The prosecution in the case against Ratko Mladic wants to re-open the case to call evidence on the Tomasica mass grave. The prosecution intends to call 13 witnesses: seven survivors and former employees of the Ljubija mine and six experts, as well as to present 43 yet confidential documents. The three of six experts have already testified.

Ratko Mladic in the courtroomRatko Mladic in the courtroom

At Ratko Mladic’s trial, the prosecution has asked the Trial Chamber for leave to re-open its case in order to call evidence on the Tomasica mass grave, near Prijedor. The ‘new evidence’, previously unavailable to the prosecution, is ‘directly relevant’ to the allegations in the indictment. Mladic is charged with taking part in a joint criminal enterprise aimed at the permanent elimination of Muslims and Croats from the BH territory which was claimed by the Serbs. This was to be achieved by the commission of crimes, including genocide.

The prosecution learned about the mass grave in Tomasica in September 2013 after the local BH authorities began exhumations at the site. By late November 2013, as its case drew to a close, the prosecution informed the Trial Chamber about its intention to re-open the case to present the evidence pertaining to the grave. At that time, the prosecution expected that the first evidence would be available in the first half of 2014.

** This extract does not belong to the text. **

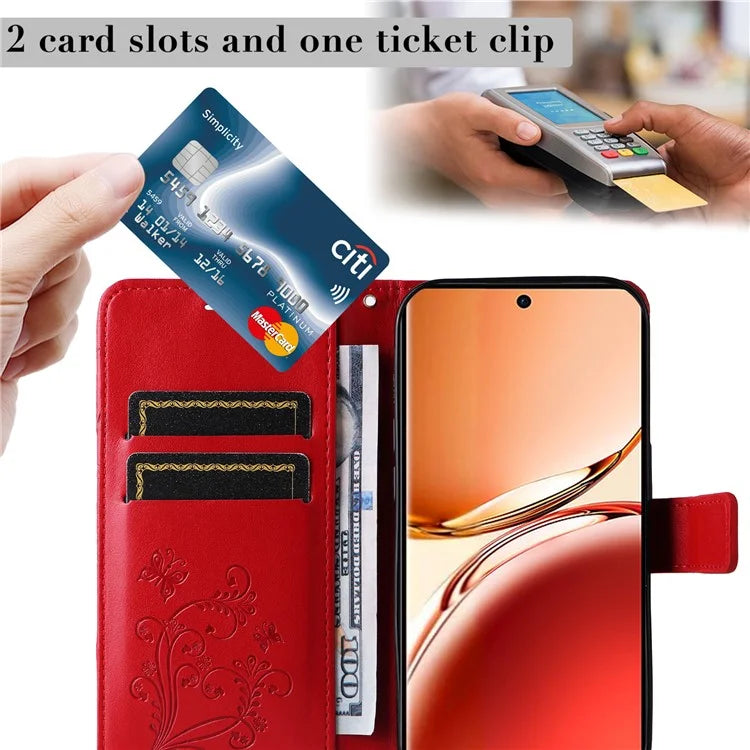 KT Imprinting Flower Series-2 For Oppo Reno12 F 4G Case Wallet Flip Leather Butterfly Phone Cover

The prosecution plans to call 13 witnesses – seven survivors and former employees of the Ljubija mine, as well as six experts. Three of the experts have already testified in Mladic’s case. Also, the prosecution intends to present 43 documents, which remain classified at the moment. The prosecutor has asked the Trial Chamber for nine hours for the presentation of this evidence. This, the prosecution has stressed, would not cause any unnecessary delays in the proceeding or violate the right of the accused to a fair trial.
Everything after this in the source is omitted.